This Grilled Romaine Caesar with Crispy Chickpeas brings back memories of backyard barbecues with a twist! The smokiness from the grill, crunch of the chickpeas, and creamy homemade Caesar dressing make this a must-try. It’s a refreshing yet hearty salad that always gets people talking. Give it a go—you’ll be amazed what a little grilling can do!

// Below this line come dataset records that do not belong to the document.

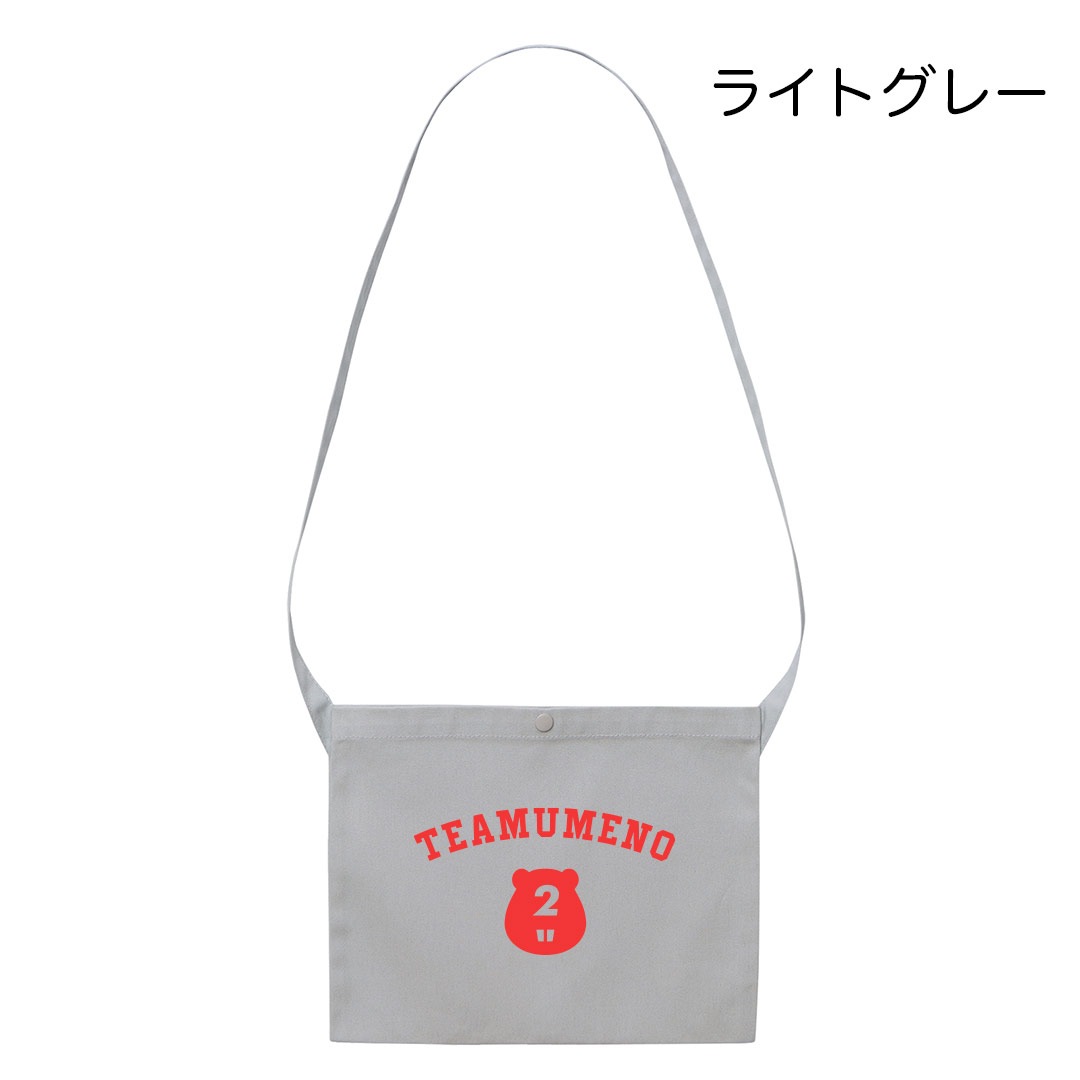 TeamUMENO�ӡ��С��������å���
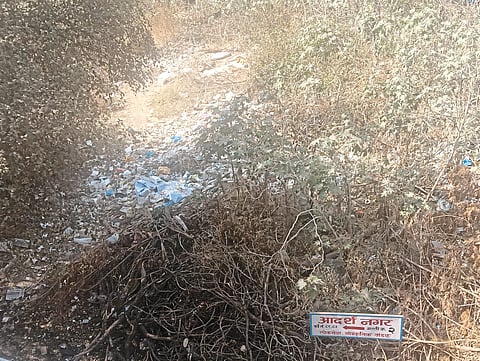 सकाळ संवाद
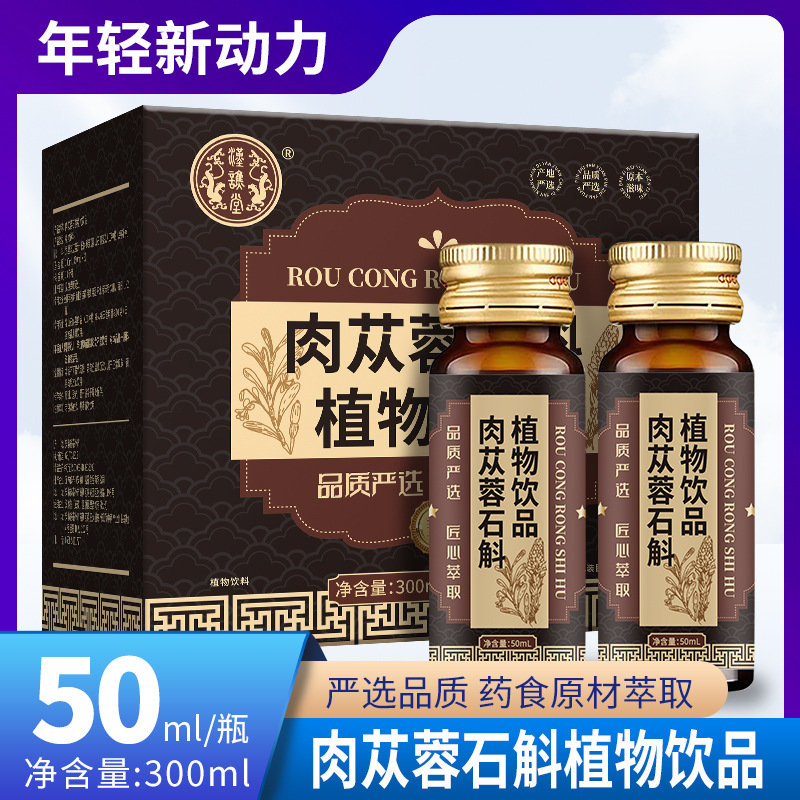 汉谯堂肉苁蓉石斛植物饮品男用鲜榨原汁饮料300m l正品官方旗舰店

2 hearts of romaine, halved lengthwise
1 can (15 oz) chickpeas, drained and rinsed
1 tbsp olive oil (for chickpeas)
½ tsp paprika or smoked paprika
Salt & pepper to taste
Olive oil for brushing romaine
¼ cup plain Greek yogurt
1 tbsp lemon juice
1 tsp Dijon mustard
1 garlic clove, minced
2 tbsp grated Parmesan cheese
1 tbsp olive oil
Salt & pepper to taste
Optional: 1 tsp anchovy paste for traditional flavor
Roast Chickpeas: Preheat oven to 400°F (200°C). Toss chickpeas with olive oil, paprika, salt, and pepper. Bake for 30–35 minutes until crispy.
Grill Romaine: Brush romaine halves with olive oil and grill cut-side down for 2–3 minutes until lightly charred.
Make Dressing: In a bowl, whisk all dressing ingredients until smooth.
Assemble: Place grilled romaine on plates, drizzle with dressing, and top with crispy chickpeas.
Garnish with extra Parmesan and cracked pepper. Serve warm or room temp.
Air-fry chickpeas for a quicker crunch!
Add grilled chicken or shrimp to make it a main meal.
Skip anchovy for a vegetarian version—still delicious!